**Task instructions**
Print the listing below again. Change nothing.

==================================================

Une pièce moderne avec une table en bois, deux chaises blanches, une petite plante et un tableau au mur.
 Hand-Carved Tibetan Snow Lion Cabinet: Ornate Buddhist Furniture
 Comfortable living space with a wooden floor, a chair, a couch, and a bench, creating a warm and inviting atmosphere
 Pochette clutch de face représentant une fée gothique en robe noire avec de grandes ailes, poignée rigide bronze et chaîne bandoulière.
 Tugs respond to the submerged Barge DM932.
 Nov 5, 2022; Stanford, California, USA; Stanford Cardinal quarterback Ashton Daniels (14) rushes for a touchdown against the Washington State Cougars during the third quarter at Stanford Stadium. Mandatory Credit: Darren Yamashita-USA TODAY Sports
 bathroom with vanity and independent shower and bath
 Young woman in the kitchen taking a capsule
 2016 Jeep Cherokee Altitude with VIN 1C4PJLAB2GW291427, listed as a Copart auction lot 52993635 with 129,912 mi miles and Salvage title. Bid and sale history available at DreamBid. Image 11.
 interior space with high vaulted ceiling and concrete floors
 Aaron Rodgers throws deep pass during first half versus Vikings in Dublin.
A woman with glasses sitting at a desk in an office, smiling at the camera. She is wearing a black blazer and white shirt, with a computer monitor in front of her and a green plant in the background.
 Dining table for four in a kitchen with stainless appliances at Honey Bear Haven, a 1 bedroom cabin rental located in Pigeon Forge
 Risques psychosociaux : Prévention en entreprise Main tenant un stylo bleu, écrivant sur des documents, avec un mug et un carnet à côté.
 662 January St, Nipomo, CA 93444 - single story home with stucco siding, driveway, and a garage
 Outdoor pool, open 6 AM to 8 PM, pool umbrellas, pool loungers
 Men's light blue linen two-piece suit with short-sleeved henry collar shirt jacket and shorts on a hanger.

==================================================

**Answer to this task**
Une pièce moderne avec une table en bois, deux chaises blanches, une petite plante et un tableau au mur.
 Hand-Carved Tibetan Snow Lion Cabinet: Ornate Buddhist Furniture
 Comfortable living space with a wooden floor, a chair, a couch, and a bench, creating a warm and inviting atmosphere
 Pochette clutch de face représentant une fée gothique en robe noire avec de grandes ailes, poignée rigide bronze et chaîne bandoulière.
 Tugs respond to the submerged Barge DM932.
 Nov 5, 2022; Stanford, California, USA; Stanford Cardinal quarterback Ashton Daniels (14) rushes for a touchdown against the Washington State Cougars during the third quarter at Stanford Stadium. Mandatory Credit: Darren Yamashita-USA TODAY Sports
 bathroom with vanity and independent shower and bath
 Young woman in the kitchen taking a capsule
 2016 Jeep Cherokee Altitude with VIN 1C4PJLAB2GW291427, listed as a Copart auction lot 52993635 with 129,912 mi miles and Salvage title. Bid and sale history available at DreamBid. Image 11.
 interior space with high vaulted ceiling and concrete floors
 Aaron Rodgers throws deep pass during first half versus Vikings in Dublin.
A woman with glasses sitting at a desk in an office, smiling at the camera. She is wearing a black blazer and white shirt, with a computer monitor in front of her and a green plant in the background.
 Dining table for four in a kitchen with stainless appliances at Honey Bear Haven, a 1 bedroom cabin rental located in Pigeon Forge
 Risques psychosociaux : Prévention en entreprise Main tenant un stylo bleu, écrivant sur des documents, avec un mug et un carnet à côté.
 662 January St, Nipomo, CA 93444 - single story home with stucco siding, driveway, and a garage
 Outdoor pool, open 6 AM to 8 PM, pool umbrellas, pool loungers
 Men's light blue linen two-piece suit with short-sleeved henry collar shirt jacket and shorts on a hanger.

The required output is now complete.